Edo Castro ~ Artist ~ Bassist/Composer
Where does me begin…
My interest in music was sparked when my aunts would play records; I joined them on the floor, listening to their curated picks and glossing over the album covers. Peter Paul and Mary, Broadway shows, and other pop music of the late 50’s and early 60’s. I liked what heard. As a child, music also became my refuge by going into a quiet room and making up frivolous melodies created out of an emotional response. This would prove valuable to me later on in life and music.
Perhaps the most seminal event to change my life is one of my aunts married Reice Hamel, a “remote recording engineer,” who recorded live music in nightclubs. He drove around with VW Van with recording gear that he configured for portability: tape machines, speakers, microphones, and a mixing console. Back in the day, there was nothing portable about a mixing console, they were huge and bulky. Because he was an electrical engineer in a previous life, he also knew how to tool sheet metal so he crafted circuit boards to fit into his portable one-of-a-kind mixer.

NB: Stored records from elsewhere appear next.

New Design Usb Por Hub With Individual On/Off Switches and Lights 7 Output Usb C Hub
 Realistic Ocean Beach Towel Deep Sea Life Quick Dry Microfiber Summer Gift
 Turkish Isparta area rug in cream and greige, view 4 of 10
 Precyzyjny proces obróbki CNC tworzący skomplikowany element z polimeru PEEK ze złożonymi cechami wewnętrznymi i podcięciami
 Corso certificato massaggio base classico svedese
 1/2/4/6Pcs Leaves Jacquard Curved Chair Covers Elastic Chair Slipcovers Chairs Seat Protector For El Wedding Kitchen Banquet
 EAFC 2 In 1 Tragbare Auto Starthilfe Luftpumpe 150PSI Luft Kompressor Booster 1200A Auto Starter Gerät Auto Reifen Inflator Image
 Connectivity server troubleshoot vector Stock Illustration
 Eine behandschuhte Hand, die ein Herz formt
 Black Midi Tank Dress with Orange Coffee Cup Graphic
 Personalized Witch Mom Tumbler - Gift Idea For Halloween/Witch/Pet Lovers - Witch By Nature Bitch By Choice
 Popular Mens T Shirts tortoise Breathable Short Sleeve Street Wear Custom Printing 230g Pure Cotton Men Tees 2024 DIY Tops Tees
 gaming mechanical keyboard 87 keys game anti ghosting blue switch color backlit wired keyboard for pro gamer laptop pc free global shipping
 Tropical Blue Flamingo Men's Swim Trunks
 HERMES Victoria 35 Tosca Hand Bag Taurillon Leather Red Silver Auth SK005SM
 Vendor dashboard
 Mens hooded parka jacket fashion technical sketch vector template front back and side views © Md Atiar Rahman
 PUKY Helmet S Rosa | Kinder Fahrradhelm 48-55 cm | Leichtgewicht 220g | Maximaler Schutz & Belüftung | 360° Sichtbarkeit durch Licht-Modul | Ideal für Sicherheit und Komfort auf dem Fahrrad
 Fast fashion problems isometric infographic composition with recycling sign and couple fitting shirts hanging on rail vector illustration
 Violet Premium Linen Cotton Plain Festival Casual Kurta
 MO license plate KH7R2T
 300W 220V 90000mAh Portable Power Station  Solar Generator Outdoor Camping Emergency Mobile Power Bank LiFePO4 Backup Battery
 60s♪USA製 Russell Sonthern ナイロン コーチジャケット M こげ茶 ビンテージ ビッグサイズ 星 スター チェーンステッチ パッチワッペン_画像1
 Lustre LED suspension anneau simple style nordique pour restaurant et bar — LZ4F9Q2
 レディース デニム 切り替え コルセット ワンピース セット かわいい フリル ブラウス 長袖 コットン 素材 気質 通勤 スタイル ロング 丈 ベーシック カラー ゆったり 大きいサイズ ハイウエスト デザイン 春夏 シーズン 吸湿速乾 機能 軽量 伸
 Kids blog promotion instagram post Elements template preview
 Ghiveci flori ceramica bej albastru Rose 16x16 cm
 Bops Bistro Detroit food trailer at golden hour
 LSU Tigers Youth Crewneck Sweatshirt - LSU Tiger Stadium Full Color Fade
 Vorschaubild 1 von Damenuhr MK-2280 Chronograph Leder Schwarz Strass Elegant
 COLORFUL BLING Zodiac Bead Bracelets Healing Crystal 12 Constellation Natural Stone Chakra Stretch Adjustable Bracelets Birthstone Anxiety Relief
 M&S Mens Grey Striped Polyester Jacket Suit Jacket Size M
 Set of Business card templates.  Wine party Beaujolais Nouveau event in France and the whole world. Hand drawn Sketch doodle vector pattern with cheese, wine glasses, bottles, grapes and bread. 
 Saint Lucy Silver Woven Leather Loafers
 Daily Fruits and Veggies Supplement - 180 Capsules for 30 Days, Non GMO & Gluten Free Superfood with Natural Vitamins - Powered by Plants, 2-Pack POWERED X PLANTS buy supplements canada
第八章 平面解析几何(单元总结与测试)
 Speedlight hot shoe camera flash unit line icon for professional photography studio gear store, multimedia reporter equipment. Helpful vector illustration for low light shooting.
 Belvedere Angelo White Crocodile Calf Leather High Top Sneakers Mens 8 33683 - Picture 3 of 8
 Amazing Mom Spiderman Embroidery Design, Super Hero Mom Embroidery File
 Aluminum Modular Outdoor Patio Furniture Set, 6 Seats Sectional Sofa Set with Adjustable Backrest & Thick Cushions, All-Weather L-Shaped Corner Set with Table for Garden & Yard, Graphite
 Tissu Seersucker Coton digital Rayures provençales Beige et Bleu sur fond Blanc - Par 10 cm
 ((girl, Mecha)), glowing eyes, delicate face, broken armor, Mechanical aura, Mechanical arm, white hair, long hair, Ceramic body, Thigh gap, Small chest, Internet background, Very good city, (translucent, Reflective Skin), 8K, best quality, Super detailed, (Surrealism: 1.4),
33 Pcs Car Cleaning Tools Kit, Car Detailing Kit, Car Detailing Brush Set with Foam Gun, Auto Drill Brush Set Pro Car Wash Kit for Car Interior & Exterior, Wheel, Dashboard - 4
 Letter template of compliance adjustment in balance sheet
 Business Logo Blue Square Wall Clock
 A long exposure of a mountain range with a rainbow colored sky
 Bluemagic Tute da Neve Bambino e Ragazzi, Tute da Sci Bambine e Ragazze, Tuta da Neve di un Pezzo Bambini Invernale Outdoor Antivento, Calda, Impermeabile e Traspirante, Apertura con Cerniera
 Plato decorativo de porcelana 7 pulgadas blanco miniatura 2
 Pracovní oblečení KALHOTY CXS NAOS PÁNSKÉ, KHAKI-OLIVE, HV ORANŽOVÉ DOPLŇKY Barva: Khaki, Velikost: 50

Reice recorded many great artists, including Judy Garland, B.B. King, Ramsey Lewis, Thelonious Monk, and a very young Barbara Streisand. But the most fascinating recordings were his jazz records. He gave me my first jazz records at the age of 8 years. I loved them immediately.
I spent several days making feeble attempts to recreate these sounds on the piano, but was unable to. Not to be dissuaded, I ended up taking piano lessons. To my chagrin, I soon realized that I hated practicing, nonetheless I entertained myself by making up things and imitating jazz as I knew it then.
During high school, my friends started a band. They already had a drummer, 2 guitars and a piano player, but no bass player. My friend Richard handed me the bass and said “you should play this.” From that moment on, I was smitten. The bass was fun and I took to it right away. However, true to my piano and guitar skills, I had difficulty learning bass parts. I stuck with it because I wanted to be in a band. I realized when I listened to music, I didn’t distinguish the parts, but rather just heard it as a whole event. At some point it started to click and I could start distinguishing the bass parts – I ran with it!
Fast forward… I’m now 18 years old and was still playing the piano, rather poorly I might add. Even though I managed to eek out bass lines and chords with some credibility I still wasn’t quite good enough to play in a band. At the same time I was teaching myself guitar with the same approach: fumbling with method books and begging anyone to show me a few things on the guitar. The guitar was portable and, for all intents and purposes, a way to “look cool.” Like the piano, my guitar skill were meek at best. Unable to learn any songs, I just made up my own.
After I had been playing the bass for 3 years, I decided to go to music school. I think my teachers knew I was lean on experience, but they allowed me to flourish in their classes regardless. Around 1977, I started to hear what I wanted to do on the bass in my head, but just couldn’t get the ideas from head to the bass. Little did I know that one day (twenty years later) my ideas would be realized on my 7 string bass.
Today, I’m still looking for new ways to push the envelope with my ideas. My bass guitar collection also includes a few 8 and 9 string basses, but they’re more for my personal pleasure of exploration. It’s been an interesting journey to find my voice through my bass – what I do with this instrument has very little to do with bass playing. It’s more about being my own little orchestra, writing and arranging on the instrument, for the instrument.